A Simple Explanation for the Strange, Complicated New Kilogram
The kilogram isn’t a thing anymore. Instead, it’s an abstract idea about light and energy.
As of today (May 20), physicists have replaced the old kilogram — a 130-year-old, platinum-iridium cylinder weighing 2.2 pounds (1 kilogram) sitting in a room in France —— with an abstract, unchanging measurement based on quadrillions of light particles and Planck’s constant (a fundamental feature of our universe).
In one sense, this is a grand (and surprisingly difficult) achievement. The kilogram is fixed forever now. It can’t change over time as the cylinder loses an atom here or an atom there. That means humans could communicate this unit of mass, in terms of raw science, to space aliens. The kilogram is now a simple truth, an idea that can be carried anywhere in the universe without bothering to bring a cylinder with you.

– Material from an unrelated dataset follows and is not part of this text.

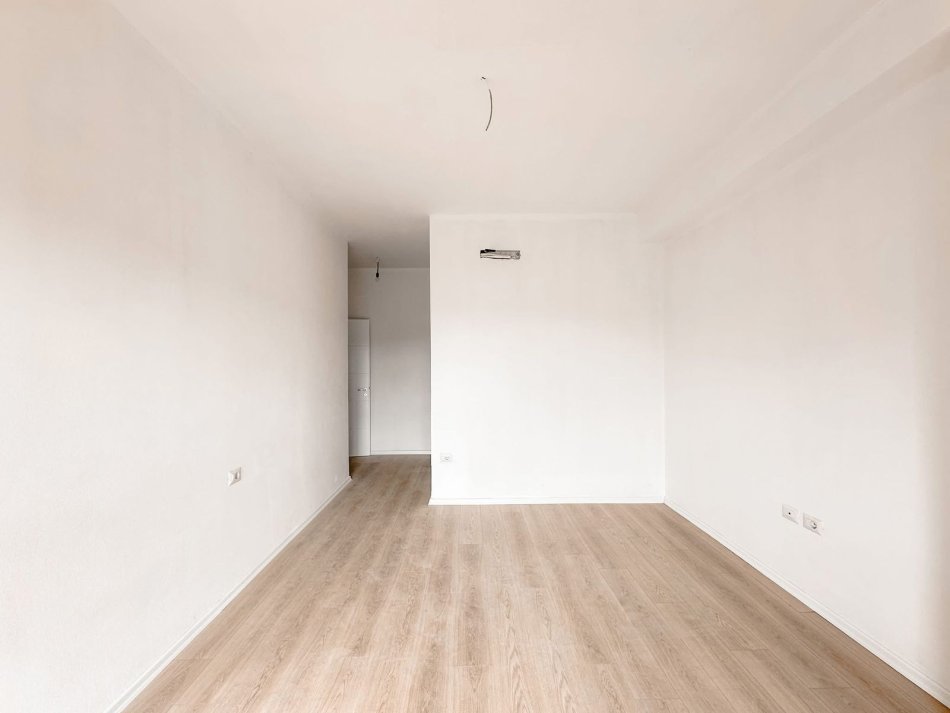 Tirane, shitet apartament 3+1 Kati 5, 150 m² 230.000 € (Fusha e Aviacionit)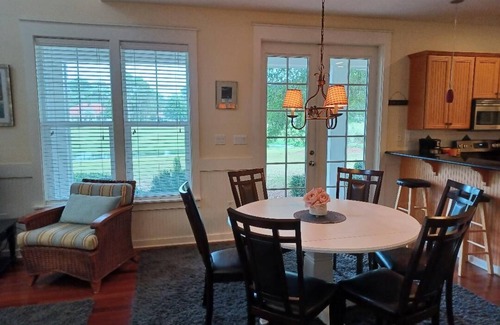 Laurel Grove House | AMAZING DAZE BEACH HOUSE +2 GOLF CARTS+ LAKE/GOLF VIEW+DECK W/GRILL+POOL/HOT TUB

And still…so what? Practically speaking, the new kilogram weighs, to within a few parts per billion, exactly as much as the old kilogram did. If you weighed 93 kilograms (204 pounds) yesterday, you’ll weigh 93 kilograms today and tomorrow. Only in a few narrow scientific applications will the new definition make any difference.
What’s really fascinating here isn’t that, practically speaking, the way most of us use the kilogram will change. It’s how damn difficult it turned out to be to rigorously define a unit of mass at all.